Hard Preemption - The (typically default) preemption process in which
higher numeric priority TE LSPs are intrusively displaced at the
point of preemption by lower numeric priority TE LSPs. In hard
preemption the TE LSP is torn down before reestablishment.
3. Motivations
Initially Multiprotocol Label Switching (MPLS) RSVP-TE [RFC3209] was
defined supporting only one method of TE LSP preemption which
immediately tears down TE LSPs, disregarding the preempted in-transit
traffic. This simple but abrupt process nearly guarantees preempted
traffic will be discarded, if only briefly, until the RSVP Path Error
message reaches and is processed by the ingress LER and a new data
path can be established.
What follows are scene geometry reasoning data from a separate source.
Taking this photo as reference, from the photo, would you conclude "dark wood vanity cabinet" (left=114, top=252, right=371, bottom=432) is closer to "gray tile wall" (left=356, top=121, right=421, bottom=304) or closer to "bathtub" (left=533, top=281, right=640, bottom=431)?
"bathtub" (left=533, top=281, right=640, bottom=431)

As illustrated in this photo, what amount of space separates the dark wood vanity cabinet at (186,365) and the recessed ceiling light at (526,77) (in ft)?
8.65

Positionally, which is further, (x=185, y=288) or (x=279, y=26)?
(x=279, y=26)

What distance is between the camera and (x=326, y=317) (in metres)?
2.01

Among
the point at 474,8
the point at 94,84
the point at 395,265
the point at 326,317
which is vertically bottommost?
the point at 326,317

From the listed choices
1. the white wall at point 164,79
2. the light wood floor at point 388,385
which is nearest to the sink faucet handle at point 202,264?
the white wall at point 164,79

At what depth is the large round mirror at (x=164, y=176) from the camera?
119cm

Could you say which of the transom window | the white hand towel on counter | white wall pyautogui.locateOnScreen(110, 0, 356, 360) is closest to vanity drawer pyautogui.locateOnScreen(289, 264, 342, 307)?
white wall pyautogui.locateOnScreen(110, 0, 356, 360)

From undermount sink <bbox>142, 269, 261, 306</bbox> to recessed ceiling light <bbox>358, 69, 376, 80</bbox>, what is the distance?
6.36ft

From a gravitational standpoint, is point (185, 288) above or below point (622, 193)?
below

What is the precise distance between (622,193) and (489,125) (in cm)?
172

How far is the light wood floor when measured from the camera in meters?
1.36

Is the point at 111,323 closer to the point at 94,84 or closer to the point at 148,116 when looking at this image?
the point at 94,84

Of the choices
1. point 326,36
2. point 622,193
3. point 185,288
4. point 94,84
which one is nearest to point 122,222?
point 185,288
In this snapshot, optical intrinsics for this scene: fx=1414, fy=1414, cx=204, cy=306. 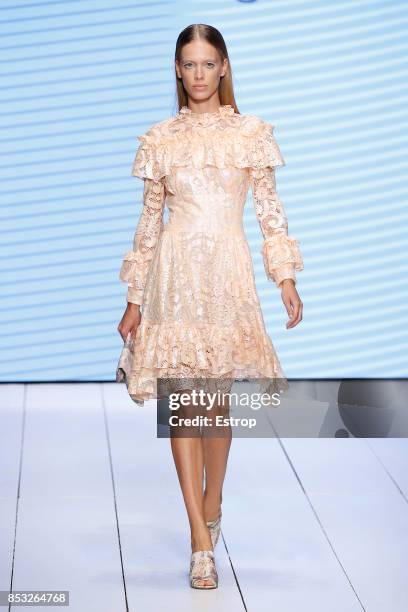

The Error Code and Error Values carried
within the RSVP Path Error message to report a preemption action are
documented in [I-D.ietf-mpls-3209-patherr]. Note that such
preemption is also referred to as a fatal error in
[I-D.ietf-mpls-3209-patherr]. In cases of actual resource contention
this might be helpful, however preemption may be triggered by mere
reservation contention and reservations may not reflect data plane
contention up to the moment. The result is that when conditions that
promote preemption exist and hard preemption is the default behavior,
inferior priority preempted traffic may be needlessly discarded when
sufficient bandwidth exists for both the preempted Traffic
Engineering Labeled Switched Path (TE LSP) and the preempting TE
LSP(s).
Hard preemption may be a requirement to protect numerically lower
preemption priority traffic in a non Diff-Serv enabled architecture,
but in a Diff-Serv enabled architecture, one need not rely
exclusively upon preemption to enforce a preference for the most
valued traffic since the marking and queuing disciplines should
already be aligned for those purposes. Moreover, even in non Diff-
Serv aware networks, depending on the TE LSP sizing rules (imagine
all LSPs are sized at double their observed traffic level),
reservation contention may not accurately reflect the potential for
data plane congestion.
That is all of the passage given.